Adoption of New MV3 Standards for Browser Extensions

As with the adoption of MV3 standards among all major browser vendors that allow browser extensions at the client-side, I understand that this is the same with Safari as well, as mentioned here (https://www.wwdcnotes.com/notes/wwdc22/10099/). However, as with Firefox, browsers may choose to adopt them incompletely and with few changes. I had a few questions regarding how Safari views this transition and what would be the next steps from here.

Thus, it would be really great if the browser team could provide your insights on any or all of the following points:

  1. Would Safari adopt the exact standards proposed by the Chromium ecosystem such as with functionalities like header-based modifications in the coming days. 
  2. What would be the general timeline be for this in general? 
  3. Does this also translate to the fact that existing standards with MV2 standards would not be allowed to operate any further, as with the timeline with Chromium?

Regards

Answered by Systems Engineer in 721955022

Safari 15.4 introduced support for manifest version 3. Safari 16 continues to support both manifest version 2 and version 3. Manifest version 3 brings new and improved APIs for developers but if you have an existing mv2 extension, it will continue to work in Safari 16.

Good questions.

Just a note:

header-based modifications in the coming days

Even with mv2, Safari lacks some of the implementation for modifying headers compared to all other modern browsers.
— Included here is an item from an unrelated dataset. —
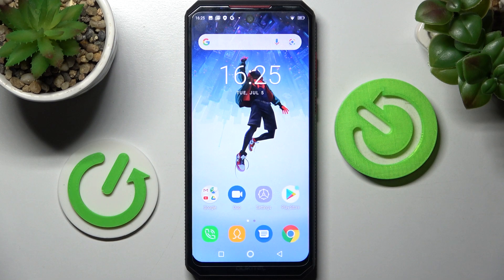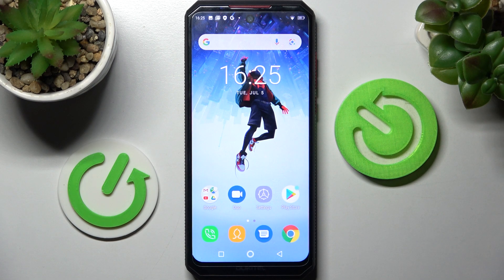Hi! In front of me is the YogiTelK14Pro and today I would like to show you how you can change default apps on this device.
You can check out the support on the MDN docs for webRequest which I believe is deprecated in favor of declarativeNetRequest.

I've used declarativeNetRequest with both mv2 and mv3 Safari extensions and was disappointed to see that header modification still lacks with that API implementation. action.type: "modifyHeaders" is not supported as of writing this comment :/

I'm hopeful they will reverse their current stance on header modifications.

Accepted Answer

Safari 15.4 introduced support for manifest version 3. Safari 16 continues to support both manifest version 2 and version 3. Manifest version 3 brings new and improved APIs for developers but if you have an existing mv2 extension, it will continue to work in Safari 16.